Pour qu’une mesure d’interdiction d’un service audiovisuel tel que Russia Today et sa version RT France soit conforme à la loi, il faut donc qu’elle soit décidée par l’ARCOM ou par le juge administratif. Cela n’est pas le cas actuellement.

 Les mesures de suspension des médias russes en France ne pourraient probablement que très difficilement être fondées sur les dispositions de la loi du 22 décembre 2018 relative à la lutte contre la manipulation de l’information. Elles ne pourraient évidemment pas l’être sur celles, aujourd’hui abrogées, de l’ancien article 14 de la loi du 29 juillet 1881.

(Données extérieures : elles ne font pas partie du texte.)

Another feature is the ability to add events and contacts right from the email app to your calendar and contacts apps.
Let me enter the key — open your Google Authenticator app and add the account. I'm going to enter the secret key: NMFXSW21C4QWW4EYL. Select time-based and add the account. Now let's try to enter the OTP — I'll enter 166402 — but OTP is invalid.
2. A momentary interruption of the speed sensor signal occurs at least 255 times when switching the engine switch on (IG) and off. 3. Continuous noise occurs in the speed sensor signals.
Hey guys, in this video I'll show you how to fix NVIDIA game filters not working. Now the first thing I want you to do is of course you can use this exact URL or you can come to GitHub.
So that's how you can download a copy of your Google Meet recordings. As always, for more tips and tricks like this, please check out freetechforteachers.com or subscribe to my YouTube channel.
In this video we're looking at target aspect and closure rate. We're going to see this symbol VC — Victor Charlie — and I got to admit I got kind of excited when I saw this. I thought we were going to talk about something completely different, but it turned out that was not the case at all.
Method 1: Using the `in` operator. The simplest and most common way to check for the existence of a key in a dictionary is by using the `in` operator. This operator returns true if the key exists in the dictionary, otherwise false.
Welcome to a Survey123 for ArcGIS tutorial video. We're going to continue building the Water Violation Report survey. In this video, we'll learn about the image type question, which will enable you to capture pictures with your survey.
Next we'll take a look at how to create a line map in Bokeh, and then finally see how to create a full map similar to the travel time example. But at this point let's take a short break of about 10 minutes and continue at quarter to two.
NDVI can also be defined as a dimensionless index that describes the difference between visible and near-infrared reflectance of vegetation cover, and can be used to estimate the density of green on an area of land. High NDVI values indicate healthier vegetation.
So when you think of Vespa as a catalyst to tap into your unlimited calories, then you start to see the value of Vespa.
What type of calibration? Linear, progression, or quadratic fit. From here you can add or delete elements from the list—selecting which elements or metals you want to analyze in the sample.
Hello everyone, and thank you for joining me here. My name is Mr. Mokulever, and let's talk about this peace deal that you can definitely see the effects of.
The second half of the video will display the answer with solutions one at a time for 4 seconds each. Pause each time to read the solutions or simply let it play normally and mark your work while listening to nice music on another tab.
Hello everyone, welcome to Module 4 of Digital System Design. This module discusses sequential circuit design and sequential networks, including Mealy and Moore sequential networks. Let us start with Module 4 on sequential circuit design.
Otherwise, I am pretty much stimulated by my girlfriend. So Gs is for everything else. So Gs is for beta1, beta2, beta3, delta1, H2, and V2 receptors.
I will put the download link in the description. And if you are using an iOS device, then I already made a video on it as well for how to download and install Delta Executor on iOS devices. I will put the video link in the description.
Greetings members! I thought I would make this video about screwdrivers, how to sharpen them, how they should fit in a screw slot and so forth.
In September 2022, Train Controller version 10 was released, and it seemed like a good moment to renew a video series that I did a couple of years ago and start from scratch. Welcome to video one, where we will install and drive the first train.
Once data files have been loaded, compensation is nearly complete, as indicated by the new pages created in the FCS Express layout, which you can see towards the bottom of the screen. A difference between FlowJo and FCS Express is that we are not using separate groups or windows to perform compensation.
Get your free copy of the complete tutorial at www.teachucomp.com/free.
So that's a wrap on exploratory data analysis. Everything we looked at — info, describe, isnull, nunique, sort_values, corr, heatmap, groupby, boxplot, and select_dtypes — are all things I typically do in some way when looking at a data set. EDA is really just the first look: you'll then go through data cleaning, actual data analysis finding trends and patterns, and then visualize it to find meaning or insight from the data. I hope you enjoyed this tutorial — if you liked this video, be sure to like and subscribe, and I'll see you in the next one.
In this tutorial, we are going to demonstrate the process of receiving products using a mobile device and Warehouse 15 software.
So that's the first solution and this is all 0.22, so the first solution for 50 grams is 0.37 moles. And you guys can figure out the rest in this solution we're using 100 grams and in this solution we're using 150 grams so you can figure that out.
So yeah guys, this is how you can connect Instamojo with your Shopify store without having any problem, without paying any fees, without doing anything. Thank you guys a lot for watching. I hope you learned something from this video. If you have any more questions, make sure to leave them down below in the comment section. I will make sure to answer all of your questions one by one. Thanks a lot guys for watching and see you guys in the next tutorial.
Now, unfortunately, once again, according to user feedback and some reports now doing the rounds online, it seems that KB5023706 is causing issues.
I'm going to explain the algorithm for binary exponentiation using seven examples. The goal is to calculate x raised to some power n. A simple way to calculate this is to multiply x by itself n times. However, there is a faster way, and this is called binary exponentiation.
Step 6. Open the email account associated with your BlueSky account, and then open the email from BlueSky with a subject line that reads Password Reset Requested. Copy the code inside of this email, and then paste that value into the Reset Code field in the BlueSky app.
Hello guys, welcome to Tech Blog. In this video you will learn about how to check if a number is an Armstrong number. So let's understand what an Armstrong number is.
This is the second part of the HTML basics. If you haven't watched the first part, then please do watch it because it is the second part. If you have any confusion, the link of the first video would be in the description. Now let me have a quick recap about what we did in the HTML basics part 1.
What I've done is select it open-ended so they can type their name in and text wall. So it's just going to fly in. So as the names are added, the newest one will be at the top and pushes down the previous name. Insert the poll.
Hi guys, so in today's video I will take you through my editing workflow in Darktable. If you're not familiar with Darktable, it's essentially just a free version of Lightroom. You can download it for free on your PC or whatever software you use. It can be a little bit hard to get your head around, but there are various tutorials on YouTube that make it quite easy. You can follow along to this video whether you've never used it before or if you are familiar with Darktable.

La loi du 22 décembre 2018 a introduit dans le Code électoral un article L. 163-2 selon lequel, lorsque à l’approche d’élections « des allégations ou imputation inexactes ou trompeuses d’un fait de nature à altérer la sincérité du scrutin à venir sont diffusées de manière délibérée, artificielle ou automatisée et massive par le biais d’un service de communication au public en ligne, le juge des référés peut »  prescrire aux fournisseurs d’hébergement ou aux fournisseurs d’accès « toutes mesures proportionnées et nécessaires pour faire cesser cette diffusion ». Il est très peu probable que, dans le contexte de la guerre faite à l’Ukraine, des messages relatifs à cette action militaire, diffusés par des agents russes, cherchent précisément à « altérer la sincérité » des scrutins à venir en France, ou qu’ils soient ainsi considérés. La Russie a cependant précédemment tenté, à travers l’Internet, d’intervenir dans le processus électoral français. Il est à craindre qu’elle continue à le faire.
Dans sa formulation provenant du décret-loi du 6 mai 1939, l’article 14 de la loi du 29 juillet 1881 posait que « la circulation, la distribution ou la mise en vente de journaux ou écrits, périodiques ou non, rédigés en langue étrangère peut être interdite par décision du ministre de l’intérieur » ; que « cette interdiction peut également être prononcée à l’encontre des journaux et écrits de provenance rédigés en langue française, imprimés à l’étranger ou en France » ; et qu’« il est procédé à la saisie administrative des exemplaires et des reproductions de journaux et écrits interdits, et de ceux qui en reprennent la publication sous un titre différent ». Mais, par l’arrêt Ass. Ekin c. France, du 17 juillet 2001, la Cour européenne des droits de l’homme a posé que « l’ingérence que constitue l’article 14 de la loi de 1881 modifiée ne (pouvait) être considérée comme nécessaire dans une société démocratique, de sorte qu’il y a eu violation de l’article 10 » de la ConvEDH. A la suite de cet arrêt, ledit article a été abrogé par le décret n° 2004-1044 du 4 octobre 2004. Les autorités françaises le souhaiteraient-elles, les médias russes imprimés ne pourraient pas être l’objet de telles mesures d’interdiction.

Si ce n’est l’exception que constitue le temps de la guerre, mais la France n’est pas formellement en « état de guerre », la lutte pour la démocratie et le respect de l’Etat de droit ne peuvent pas justifier la violation de nos principes fondamentaux, dont celui de la liberté de communication.